The Story
Why it exists.
The beginning
Bertrand Duchaufour built Soir Exclusif in 2020 with a single clear intention: evening. The name says it. "Soir", French for evening, the hour when something exclusive happens. What the perfumer understood was that the transition from bright to warm is where intimacy lives. Blood orange and coffee shouldn't work together, one is sharp daylight, the other is the smell of something roasted after dark. But here they do. The citrus opens like a last breath of daylight, and the coffee slides in underneath before you even notice the shift. That's the move. That's what makes it exclusive rather than just sweet.

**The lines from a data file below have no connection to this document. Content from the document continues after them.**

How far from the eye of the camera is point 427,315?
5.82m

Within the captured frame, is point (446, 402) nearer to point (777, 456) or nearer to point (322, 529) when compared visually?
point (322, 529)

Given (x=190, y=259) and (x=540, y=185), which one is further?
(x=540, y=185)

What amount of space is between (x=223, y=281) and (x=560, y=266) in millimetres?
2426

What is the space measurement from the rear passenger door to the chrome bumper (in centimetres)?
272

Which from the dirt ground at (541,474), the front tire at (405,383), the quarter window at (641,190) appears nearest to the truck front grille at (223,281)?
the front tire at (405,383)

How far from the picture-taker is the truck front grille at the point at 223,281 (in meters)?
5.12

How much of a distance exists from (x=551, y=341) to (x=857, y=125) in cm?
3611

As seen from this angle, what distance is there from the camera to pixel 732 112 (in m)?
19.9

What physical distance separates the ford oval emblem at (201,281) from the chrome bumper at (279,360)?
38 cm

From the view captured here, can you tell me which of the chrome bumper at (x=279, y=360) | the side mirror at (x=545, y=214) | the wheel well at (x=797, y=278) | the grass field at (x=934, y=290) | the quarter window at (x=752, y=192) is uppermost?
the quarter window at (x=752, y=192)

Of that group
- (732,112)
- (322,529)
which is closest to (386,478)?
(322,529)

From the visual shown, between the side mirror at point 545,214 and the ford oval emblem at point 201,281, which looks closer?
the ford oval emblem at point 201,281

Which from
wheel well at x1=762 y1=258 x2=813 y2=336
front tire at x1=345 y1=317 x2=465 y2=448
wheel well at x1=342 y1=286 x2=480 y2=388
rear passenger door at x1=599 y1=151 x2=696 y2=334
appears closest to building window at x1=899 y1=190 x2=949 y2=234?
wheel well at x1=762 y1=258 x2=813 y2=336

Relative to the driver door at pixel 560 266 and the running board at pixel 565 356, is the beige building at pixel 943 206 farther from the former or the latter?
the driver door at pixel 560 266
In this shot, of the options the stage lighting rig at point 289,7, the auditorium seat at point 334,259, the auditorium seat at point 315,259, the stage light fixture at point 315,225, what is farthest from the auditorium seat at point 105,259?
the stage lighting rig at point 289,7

The heart of this fragrance is where it earns complexity. Marshmallow and tonka bean are obvious sweetness, any lab can combine those. But Duchaufour threaded licorice through the center, a note that splits opinion and adds depth. It's herbal, slightly bitter, almost anise-like. Without it, this would be a dessert. With it, the sweetness has somewhere to go. Orchid brings a quiet floral that doesn't announce itself, it whispers under the gourmand warmth. The result is a fragrance that smells expensive without smelling safe. The woody base of driftwood and oakwood grounds everything, but tolu balsam and vanilla extend the warmth into something that lingers close to skin for hours.
The evolution
The opening arrives fast, blood orange and coffee arrive together, the citrus cutting through the bitterness of the coffee like light through fog. The almond arrives as a warmth underneath, soft and slightly nutty. For the first thirty minutes, this is the most interesting part: that tension between bright and roasted. Then the coffee fades and the heart takes over. Marshmallow and tonka become the main event, sweetened further by orchid's quiet presence. The licorice is the tell here, it's what makes this heart more than just sweetness. It adds an edge that keeps the marshmallow from being childish. The base arrives quietly, drifting into vanilla and tolu balsam. The woody notes, driftwood and oakwood, provide structure while ambergris and musk add depth that stays close to skin. On most skin types, the drydown lasts into the evening. On dry skin, the whole arc compresses and the coffee-licorice tension becomes more pronounced.
Cultural impact
Soir Exclusif arrived in 2020 during a period when niche perfumery was shifting toward hyper-specific sensory storytelling. The Enamoured Collection positioned this fragrance as an evening option in a market saturated with versatile daytime scents. Bertrand Duchaufour's approach to balancing bright citrus with warm, sweet depth reflects a broader trend in post-2015 perfumery toward gourmand-adjacent compositions that feel intimate rather than performative. The coffee-almond opening combination tapped into the coffee fragrance revival that had been building since the mid-2010s, while the marshmallow-licorice heart aligned with the sweet, edible trend that dominated niche releases.